×

INDI Library v2.0.6 is Released (02 Feb 2024)

Bi-monthly release with minor bug fixes and improvements

Perfecting the Scheduler

  • Posts: 1119
  • Thank you received: 182
Many thanks to Jasem and Eric! So far in my testing the scheduler is now running throughout the night without quitting. That's fantastic for someone like me who lives in the White Zone of a large city and has to collect as many photons as possible to cut through the light pollution and get half-way presentable images of distant galaxies.
I started the scheduler again last night and it ran through the night until it parked the mount at twilight. There were only three things I noticed that should be relatively easy to improve on (says someone who is not doing the actual coding...):

1) I had started the scheduler aiming for my target for last night, M63, and it went to sleep, properly waiting for M63 to get high enough in the sky as I had specified in the schedule. So far so good. So I thought I might use the time to get some more light on NGC2359 before it disappears for the summer and I manually selected that target, plate solved and positioned it and manually started autoguiding (so this was not preprogrammed in the scheduler). The camera was happily clicking away until it was interrupted by the scheduler waking up and slewing to M63. Also so far so good. However, at this point the scheduler, the focus module and the autoguide module got into a mudfight. As the focuser was trying to get the stars into focus, the capture module was still running and the guider module was still convinced that it was tracking NGC2359 and kept looking for its lost guide star. As a result, the mount began to drift uncontrollably. As I was still awake at that time, I stopped the madness manually, parked the mount, and restarted the schedule. All went fine from there on until...
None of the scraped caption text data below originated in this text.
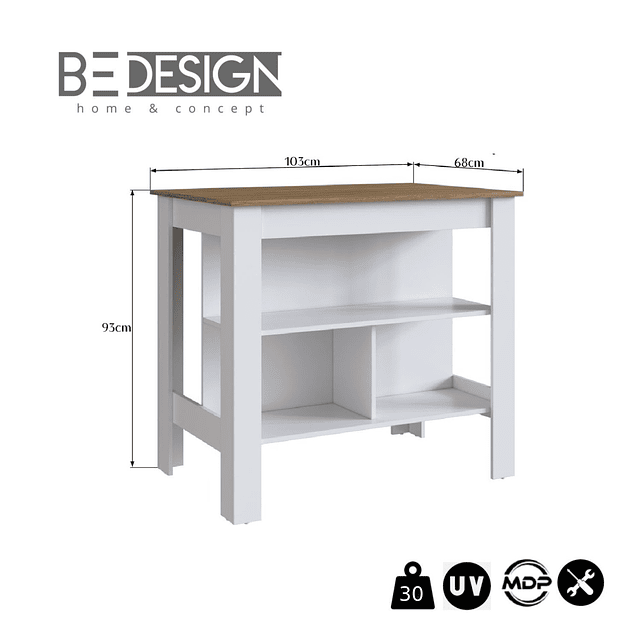 Isla De Cocina Blanco Miel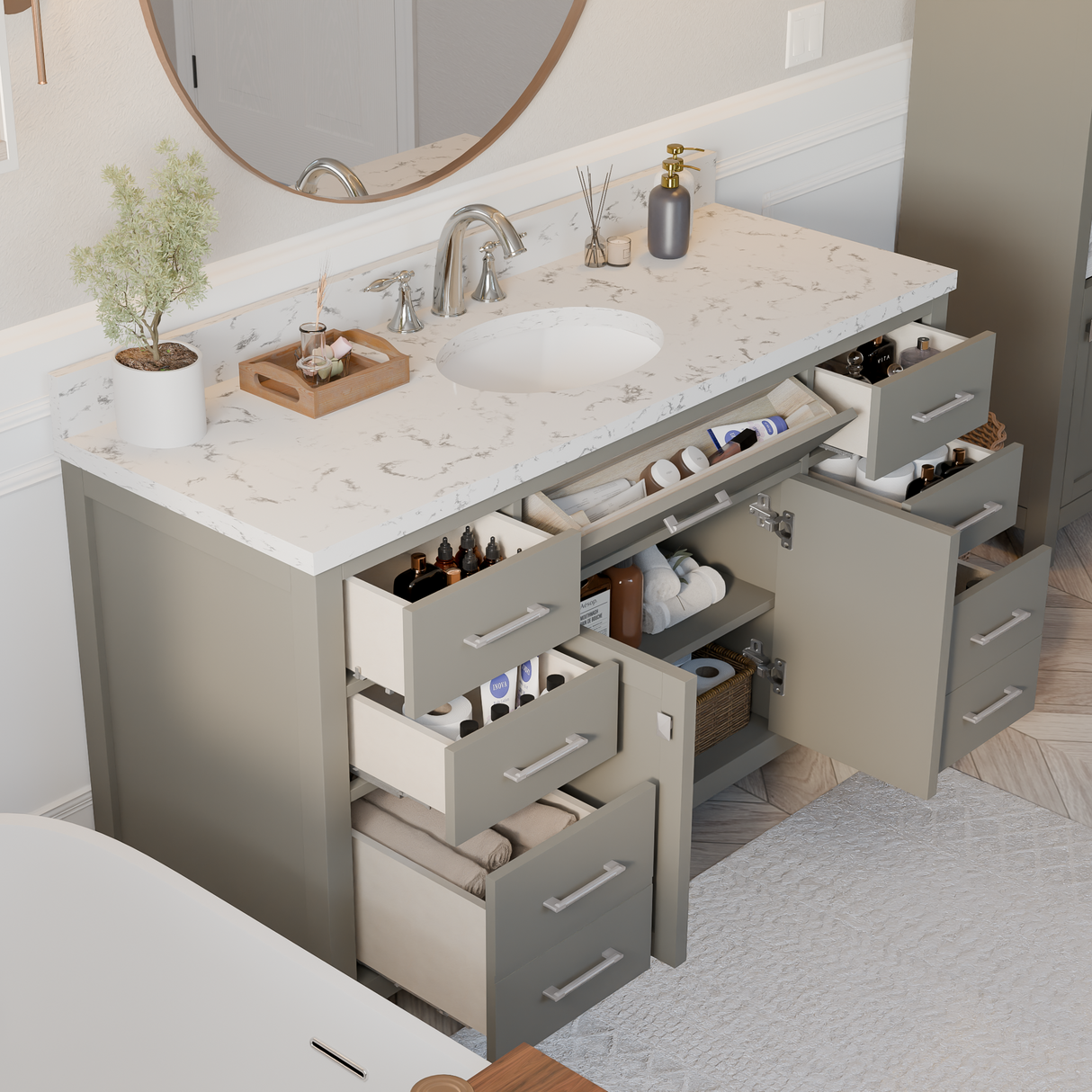 Caroline 60" Single Bathroom Vanity Cabinet with Sink and Cultured Marbled Top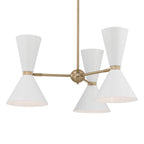 KICHLER 52565CPZWH Phix 30.75 Inch 6 Light Chandelier In Champagne Bronze With White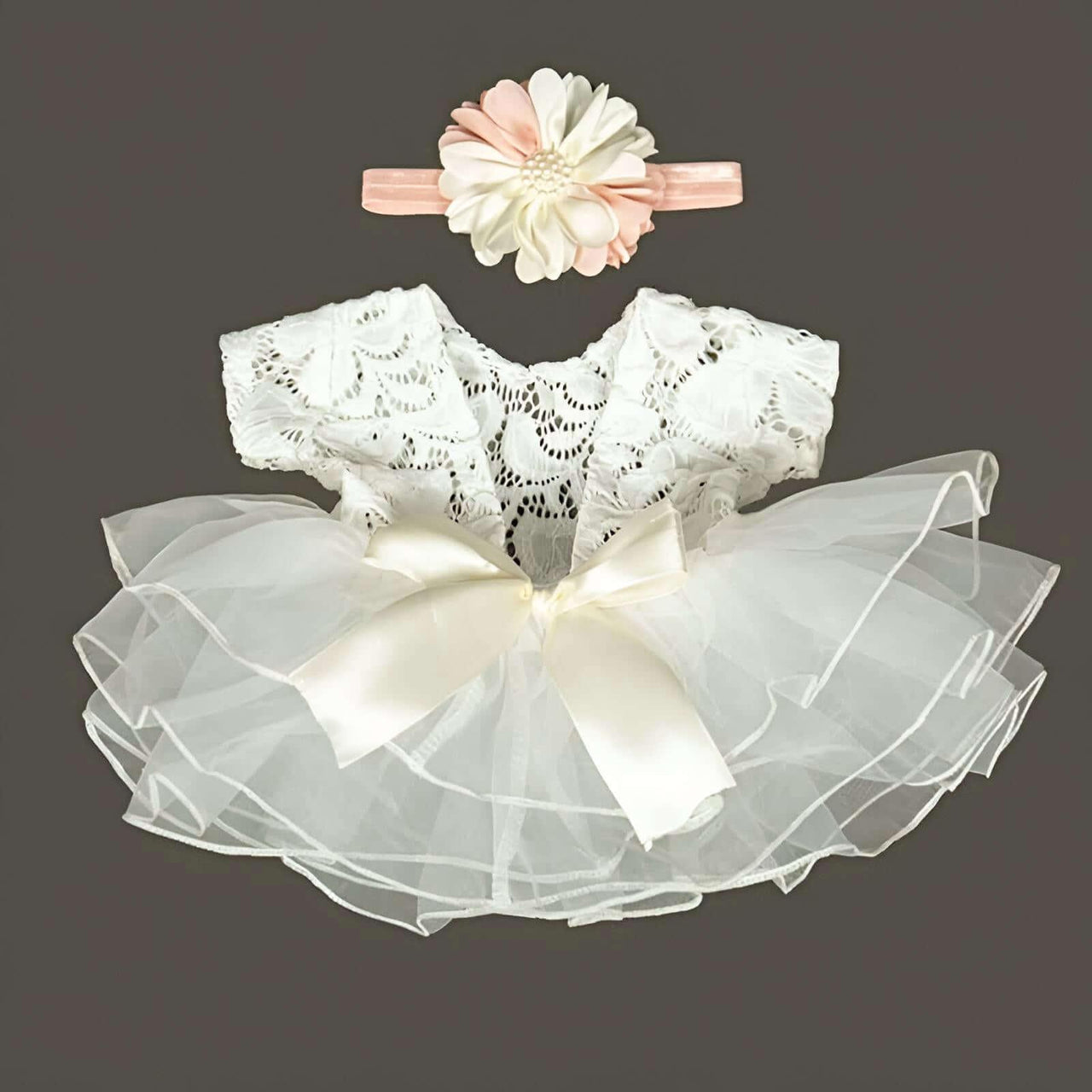 Sweet Lace Bow Knot Dress with Flower Headband for Newborn -, Baby & Toddler Outfits , Drestiny , Australia, Canada, Dresses, Girls, New Zealand, Photo Shoot Attire, Sets, Short Sleeves, United Kingdom, United States , Drestiny , www.shopdrestiny.com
2) ... gusty winds came up and started knocking my telescope around impairing the guiding. I had set a guide deviation limit and that worked fine, so numerous frames were restarted when the deviation became too great. This works VERY WELL! However, at least once the wind gusts were so strong that the autoguider lost its guide star. As it was hunting for a new guide star, the mount drifted and M63 ended up no longer in the center.
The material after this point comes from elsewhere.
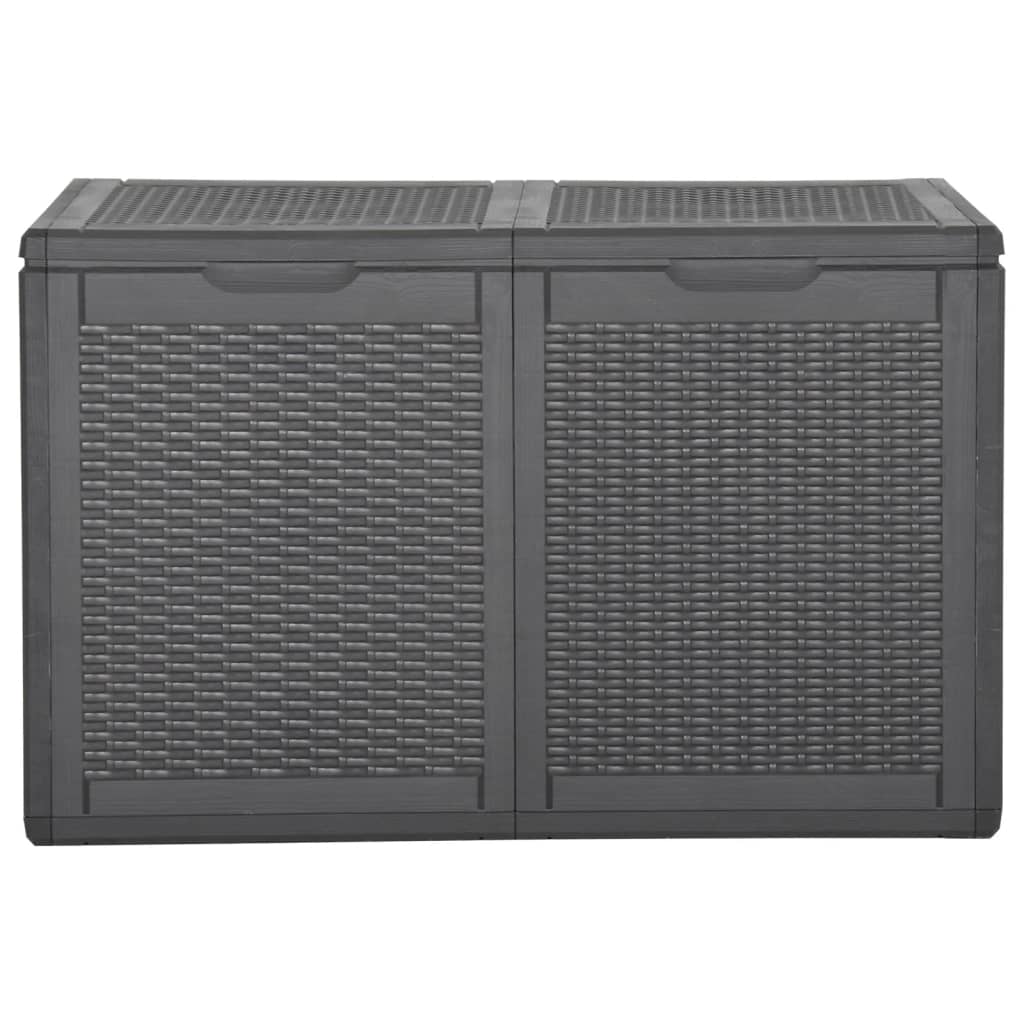 vidaXL Patio Storage Box 47.6 gal Black PP Rattan-1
What I am wondering now is whether it is possible to make two small changes:

1) Instruct the scheduler to automatically stop image capturing and guiding, if this is going on at the time the scheduler starts.

2) Instruct the scheduler to automatically start a realignment procedure if the guide star has been lost in the autoguider module and then restart the autoguiding procedure (including recalibration) after realignment is complete. A complication I foresee is that if this realignment overlaps with a scheduled meridian flip, the latter may not be carried out, since that is initiated by the capture module, which will be paused at the time. If capture then restarts after the mount has passed the specified HA, it may not receive the flip instructions. Not sure if that is an issue, but please bear in mind.

And one third thing I noticed: As seeing conditions can change through the night, the HFR values might also increase. So, when I click the box in the capture module to refocus once the HFR value exceeds a certain point, set at the beginning of that imaging run, if seeing deteriorates or if the HFR value increases for any other reason, the focusing module will constantly be called up by the capture module and refocus. It will eventually arrive at a new minimum and reinitiate capture, but if the next value is then again higher than the originally set HFR, it will constantly refocus for the rest of the night. This can be remedied by refreshing the HFR limit in the capture module to reflect the value at which the focuser settled the last time it ran, instead of the initial value when the capture was started, increased by the set tolerance value.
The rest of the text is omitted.